Stuffed Portobello Mushrooms with Artichokes
Stuffed portobello mushrooms with artichokes
Portobello mushrooms are the powerhouse of the Keto diet!! They have a rich meaty taste, are very low in calories, high in fiber, B vitamins, potassium, and selenium. A natural phytonutrient, portobello mushrooms may fight cancer and are full of anti-oxidants. Artichokes boost the nutrition even more with fiber, vitamins, minerals, folate, vitamins C and K, magnesium, phosphorus, and iron……. These mushrooms are so easy to make and absolutely delicious!!
Equipment
- shallow oven pan lined with parchment paper
- Pastry brush for olive oil
Ingredients
- 4 large portabello mushrooms I have found that Aldi's has the best price, I am able to buy a pack of two portobello mushrooms for $1.99. Walmart's prices are also very reasonable.
- 4 slices smoked provolone cheese May substitute Swiss or Gruyere sliced cheese. You may also use shredded mozzarella cheese.
- 2 TB extra virgin olive oil
- 2 TB softened cream cheese
- 2 TB shredded Parmesan cheese
- 1 can artichoke hearts drained and chopped You may use the artichoke hearts in a jar that are in oil, but drain the oil first. I have also found that Aldi's has the best prices.
- 3 cloves garlic minced
- 1 tsp dried oregano
- 1/2 tsp kosher salt
- 1/4 tsp ground black pepper
- 2 TB sun-dried tomatoes This is an optional ingredient, but will add a little pizzazz to your mushrooms!!
Instructions
- Rinse your mushrooms and scoop out the inside with a metal spoon. Dry with a paper towel. Place on a parchment lined oven pan.
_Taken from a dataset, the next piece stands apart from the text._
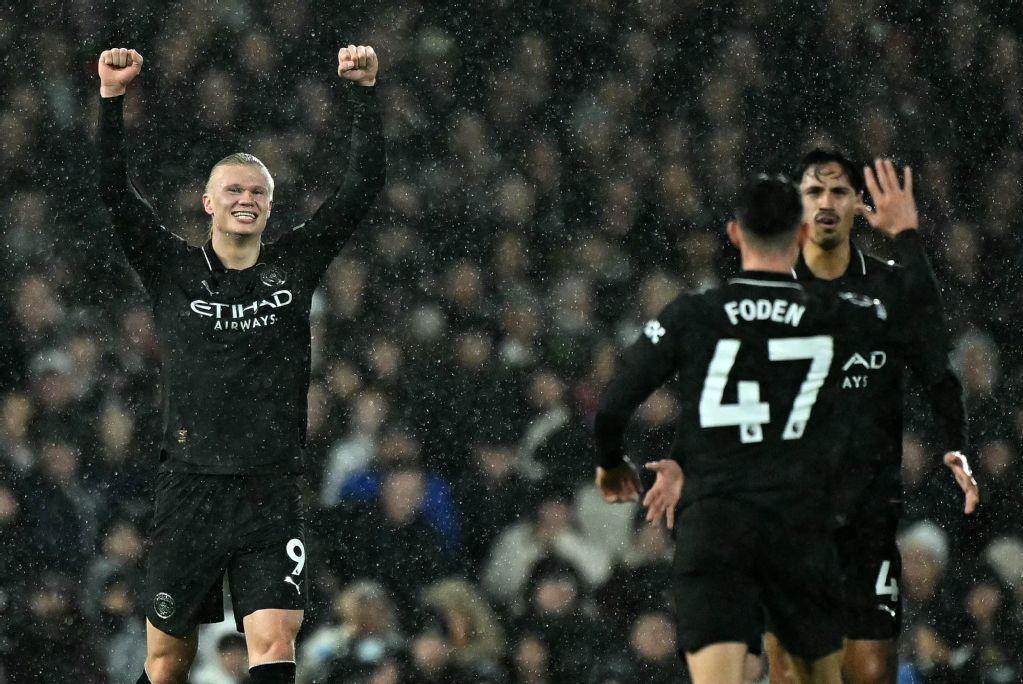 Manchester City’s Norwegian striker Erling Haaland celebrates scoring the opening goal, and his 100th English Premier League goal, during their match against Fulham at Craven Cottage in London on Dec. 2, 2025. (AFP)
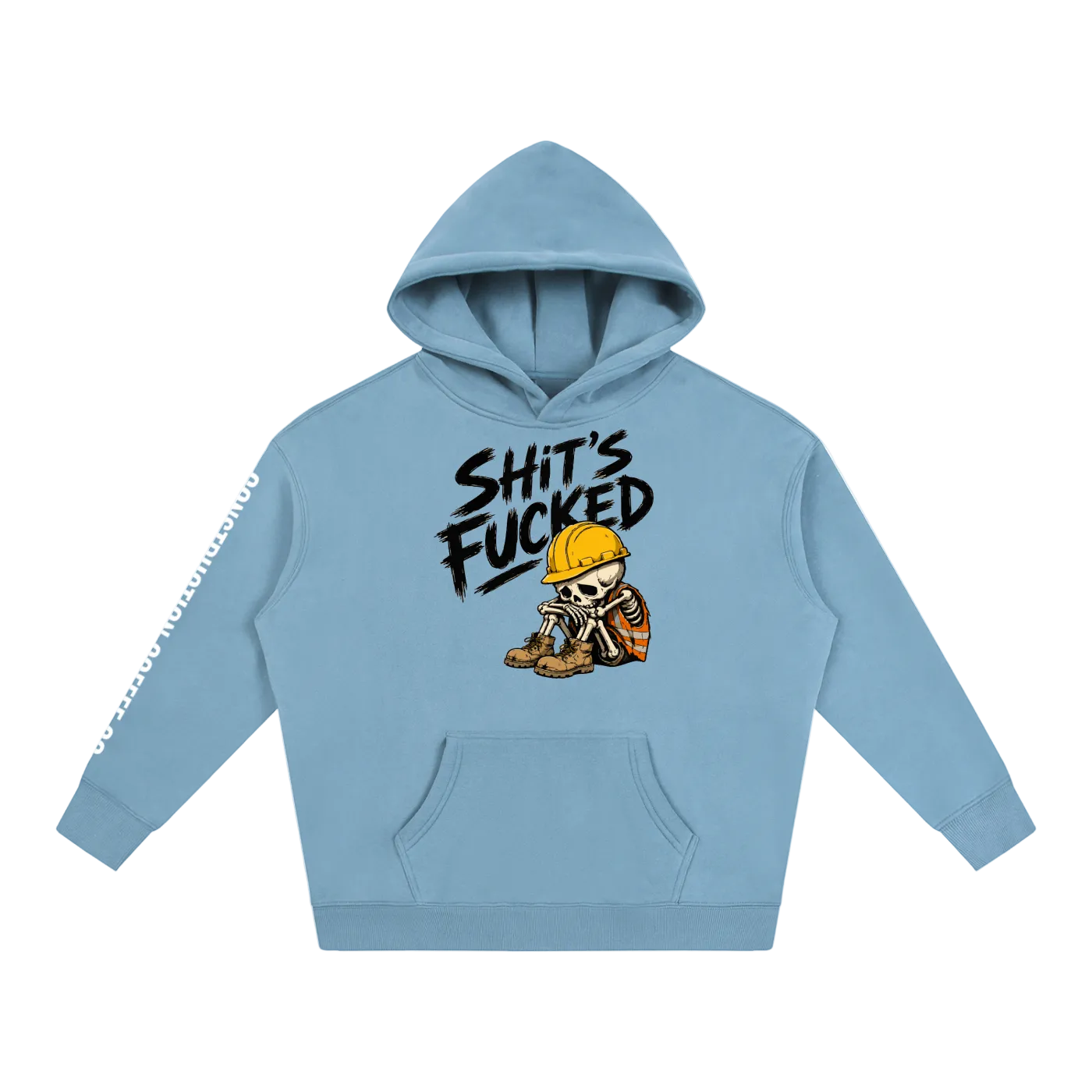 Light blue hoodie with graphic design and text on a white background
- Drain and chop the artichoke hearts. In a bowl, mix the artichoke hearts, cream cheese, sun-dried tomatoes, garlic, and shredded Parmesan cheese.
- With a pastry brush, brush the mushrooms with olive oil on each side. Sprinkle with kosher salt, pepper, and oregano. Place in oven for 5-7 minutes on each side until brown in a 400 degree oven.
- Stuff with artichoke mixture and place a slice of cheese on the top of each mushroom. Place back in the oven and bake until the cheese begins to brown, about 10 minutes, at 400 degrees.